On Sunday 15 July 2007, Paul Moore wrote:
On 15/07/07, Andrew Coppin
wrote: I guess because in most normal programming languages you can do I/O anywhere you damn like, it doesn't occur to most programmers that it's possible to make a seperation. (Most seem to realise that, e.g., mixing business logic with GUI code is a Bad Thing though...)
Hmm, I would speculate (I have no hard data, in other words...) that it's more the case that in imperative languages, you do I/O throughout the program, because that defers the I/O (which is slow) to the last possible moment, and it allows you to reuse memory buffers.
People's intuition about performance and memory usage says that delaying I/O is good, and "separating" I/O and logic (which is taken to mean slurping data in all at once, and then processing it) is memory intensive and risks doing unnecessary I/O.
Haskell handles this with laziness. The canonical example is counting characters in a file, where you just grab the whole file, and use length. An imperative programmer's intuition says that this wastes huge amounts of memory compared to reading character by character and incrementing a count. Lazy I/O means that no more than 1 character needs to be in RAM at any one time, without the programmer need to do the bookkeeping.
If lazy I/O was publicised in this way, as separation of concerns (I/O and processing) with the compiler and language handling the work of minimising memory use and avoiding unnecessary I/O, then maybe the message might get through better. However, the only article I've ever seen taking this approach (http://blogs.nubgames.com/code/?p=22) didn't seem to get a good reception in the Haskell community, sparking comments that hGetContents and similar functions had a number of issues which made them "bad practice". The result was to leave me with a feeling that separating I/O and processing in Haskell really was hard, but I never quite understood why...
Because hGetContents only buys you laziness /if you use it lazily/. And laziness is, technically, a denotational property, but it is a very operational-feeling denotational property. And operational reasoning is difficult in imperative languages and gets really, really hard in lazy functional languages. And the article you cite falls flat on its face in trying to be lazy:
readWithIncludes :: String -> IO [String] readWithIncludes f = do s <- readFile f ss <- mapM expandIncludes (lines s) return (concat ss)

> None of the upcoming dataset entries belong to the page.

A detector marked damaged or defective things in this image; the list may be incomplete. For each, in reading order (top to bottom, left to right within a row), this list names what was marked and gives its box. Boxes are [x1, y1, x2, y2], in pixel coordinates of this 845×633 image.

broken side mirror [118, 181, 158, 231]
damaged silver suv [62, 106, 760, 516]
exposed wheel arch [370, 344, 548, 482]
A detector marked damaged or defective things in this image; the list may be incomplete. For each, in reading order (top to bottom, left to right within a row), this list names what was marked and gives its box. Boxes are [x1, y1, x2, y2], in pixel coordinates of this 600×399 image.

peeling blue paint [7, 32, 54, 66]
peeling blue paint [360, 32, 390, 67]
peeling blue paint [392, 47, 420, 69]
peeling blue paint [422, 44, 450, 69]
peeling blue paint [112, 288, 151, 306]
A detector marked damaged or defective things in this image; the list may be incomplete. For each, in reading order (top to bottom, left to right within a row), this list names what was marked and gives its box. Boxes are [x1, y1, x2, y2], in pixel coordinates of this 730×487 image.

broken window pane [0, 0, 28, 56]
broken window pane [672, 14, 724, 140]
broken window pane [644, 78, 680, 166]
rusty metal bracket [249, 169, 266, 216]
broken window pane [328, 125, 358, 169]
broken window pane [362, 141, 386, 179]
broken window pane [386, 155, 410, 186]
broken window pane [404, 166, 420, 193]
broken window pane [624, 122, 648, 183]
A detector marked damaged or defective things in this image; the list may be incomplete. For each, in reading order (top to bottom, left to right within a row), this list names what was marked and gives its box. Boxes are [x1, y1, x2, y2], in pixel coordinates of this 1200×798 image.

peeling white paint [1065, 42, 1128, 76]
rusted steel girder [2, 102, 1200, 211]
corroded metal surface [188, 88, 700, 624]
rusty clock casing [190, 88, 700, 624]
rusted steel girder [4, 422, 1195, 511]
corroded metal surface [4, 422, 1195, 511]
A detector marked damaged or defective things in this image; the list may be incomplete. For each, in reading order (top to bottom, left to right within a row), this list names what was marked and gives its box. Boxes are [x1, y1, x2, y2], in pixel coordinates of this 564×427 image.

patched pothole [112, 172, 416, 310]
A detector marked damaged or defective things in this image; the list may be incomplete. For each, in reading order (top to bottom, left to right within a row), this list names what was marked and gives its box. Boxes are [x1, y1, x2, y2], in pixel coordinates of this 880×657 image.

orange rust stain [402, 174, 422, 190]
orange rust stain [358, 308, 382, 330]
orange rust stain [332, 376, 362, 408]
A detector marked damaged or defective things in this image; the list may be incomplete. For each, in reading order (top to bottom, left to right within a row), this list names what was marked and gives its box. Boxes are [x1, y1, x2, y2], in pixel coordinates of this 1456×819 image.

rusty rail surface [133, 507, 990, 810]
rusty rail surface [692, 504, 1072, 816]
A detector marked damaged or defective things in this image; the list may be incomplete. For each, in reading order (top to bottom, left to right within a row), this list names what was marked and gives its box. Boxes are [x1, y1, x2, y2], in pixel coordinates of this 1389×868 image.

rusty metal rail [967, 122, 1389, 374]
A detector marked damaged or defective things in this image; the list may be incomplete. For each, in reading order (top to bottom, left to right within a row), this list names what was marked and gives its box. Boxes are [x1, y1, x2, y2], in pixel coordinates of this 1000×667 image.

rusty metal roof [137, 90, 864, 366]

expandIncludes :: String -> IO [String] expandIncludes s = if isInclude s then readWithIncludes (includeFile s) else return [s]
That's calling mapM, a strict function, on the result of lines ss --- an arbitrarily long list. More generally, I suspect the Haskell community has a collective memory of stream I/O, back when this sort of thing used to be /really, really important/, because your program had type [Response] -> [Request] and if it wasn't lazy enough in its argument, you'd get a deadlock --- and that deadlock had nothing whatsoever to do with the result of applying your function to total arguments, so reasoning about it required abandoning every Haskeller's instinct to reason about functions only over total (or even finite total) arguments. interact takes a function with a type eerily similar to [Response] -> [Request], which means its argument has all the same problems. Laziness is great and everything --- but it's a lot of work, even in Haskell.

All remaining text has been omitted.